Frequency measurement is accomplished by measuring the time between zero crossings 

of the Bus VT phase A voltage. The signals are passed through a low pass filter to prevent 

false zero crossings. Sampling is synchronized to the Va-x voltage zero crossing which 

results in better co-ordination for multiple 350 relays on the same bus.

Phasors, Transients, and Harmonics

Current waveforms are processed four times every cycle with a DC Offset Filter and a 

Discrete Fourier Transform (DFT). The resulting phasors have fault current transients and 

all harmonics removed. This results in an overcurrent relay that is extremely secure and 

reliable; one that will not overreach.

Processing of AC Current Inputs

The DC Offset Filter is an infinite impulse response (IIR) digital filter, which removes the DC 

component from the asymmetrical current present at the moment a fault occurs. This is 

done for all current signals used for overcurrent protection; voltage signals bypass the DC 

Offset Filter. This filter ensures no overreach of the overcurrent protection.
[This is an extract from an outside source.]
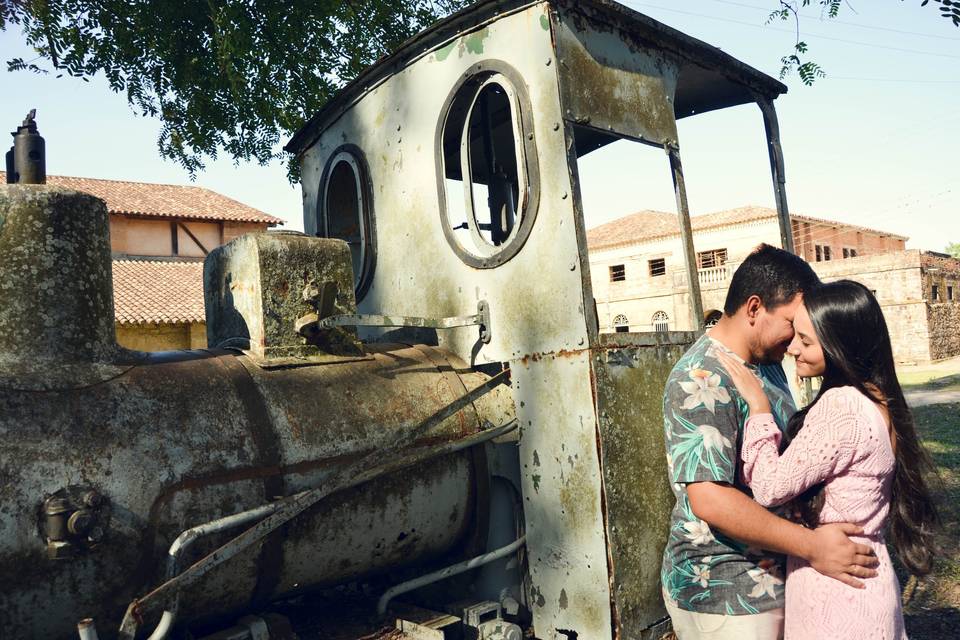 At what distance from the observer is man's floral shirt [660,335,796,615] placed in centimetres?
232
The Discrete Fourier Transform (DFT) uses exactly one sample cycle to calculate a phasor 

quantity which represents the signal at the fundamental frequency; all harmonic 

components are removed. All subsequent calculations (e.g. RMS, power, etc.) are based 

upon the current and voltage phasors, such that the resulting values have no harmonic 

components.

Protection Elements

Protection elements are processed up to four times every cycle to determine if a pickup 

has occurred or a timer has expired. The protection elements use RMS current/voltage, 

based on the magnitude of the phasor. Hence, protection is impervious to both harmonics 

and DC transients.

NOTE

NOTE: Arc Flash protection elements are processed up to 8 times every cycle.

Product identification

The product identification label is located on the side panel of the 350 . This label indicates 

the product model, serial number, and date of manufacture.

Figure 2-3: 350 Product labels

The pink color text (i.e. Model, Serial Number, Instruction Manual, MFG. Date) is for 

reference only. The text can vary.

Mounting

Standard panel mount The standard panel mount and cutout dimensions are illustrated below.
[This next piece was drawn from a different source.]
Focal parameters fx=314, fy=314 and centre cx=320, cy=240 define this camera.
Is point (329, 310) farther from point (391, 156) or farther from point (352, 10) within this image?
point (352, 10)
CAUTION: To avoid the potential for personal injury due to fire hazards, ensure the unit is 

mounted in a safe location and/or within an appropriate enclosure.

1. Mount the collar of required depth (1.375” or 3”) to the unit (captive or non-drawout) 

using 4 screws (see above).

2. Mount the combination of unit and collar to the panel using 4 screws as shown above.

Figure 2-7: Mounting tabs (optional)

1. From the front of the panel, slide the empty case into the cutout until the bottom tab 

clicks into place (see above).

2. From the rear of the panel screw the case into the panel at the 8 screw positions 

shown above.

3. If added security is required, bend the retaining "V"tabs outward, to about 90°. These 

tabs are located on the sides of the case and appear as shown above.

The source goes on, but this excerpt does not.